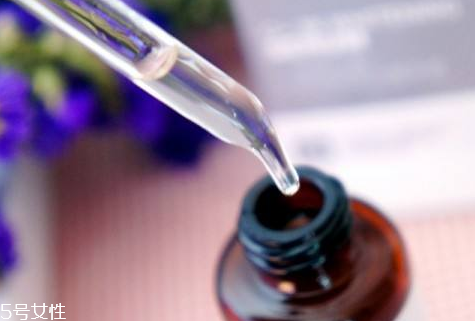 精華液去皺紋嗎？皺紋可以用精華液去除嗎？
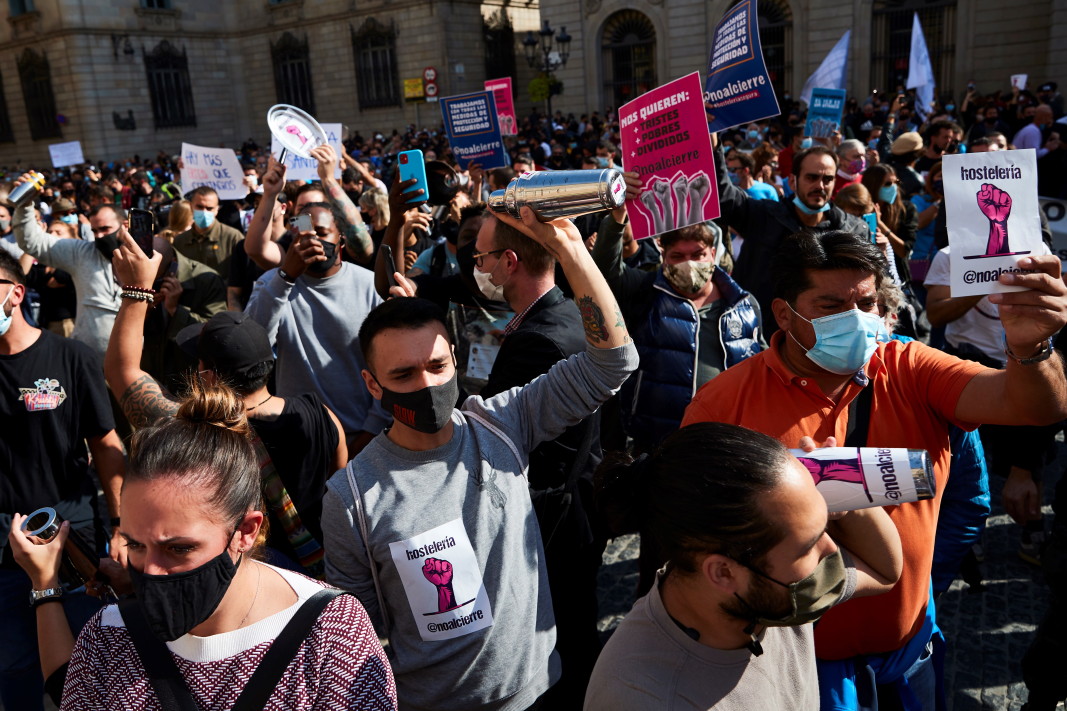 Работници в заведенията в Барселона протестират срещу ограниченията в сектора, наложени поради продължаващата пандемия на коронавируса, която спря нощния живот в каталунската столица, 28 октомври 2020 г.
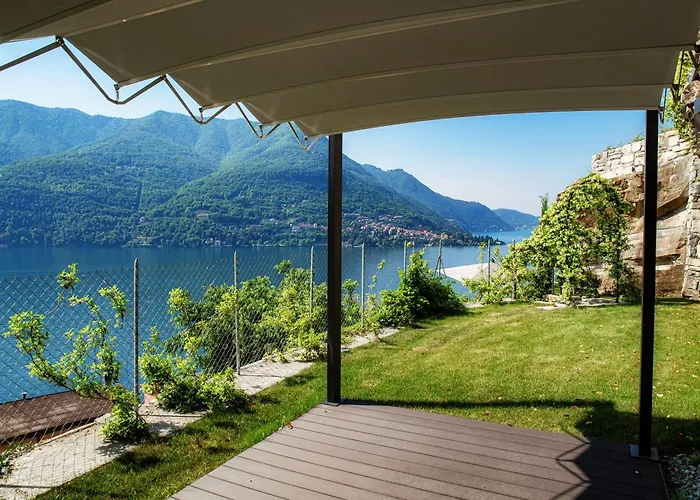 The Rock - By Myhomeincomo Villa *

______

About this task - Every line from the one containing "Работници в заведенията" through the last line of the data is to be retyped exactly, with nothing added and no pictures included.

Finished exercise -
 Работници в заведенията в Барселона протестират срещу ограниченията в сектора, наложени поради продължаващата пандемия на коронавируса, която спря нощния живот в каталунската столица, 28 октомври 2020 г.
 The Rock - By Myhomeincomo Villa *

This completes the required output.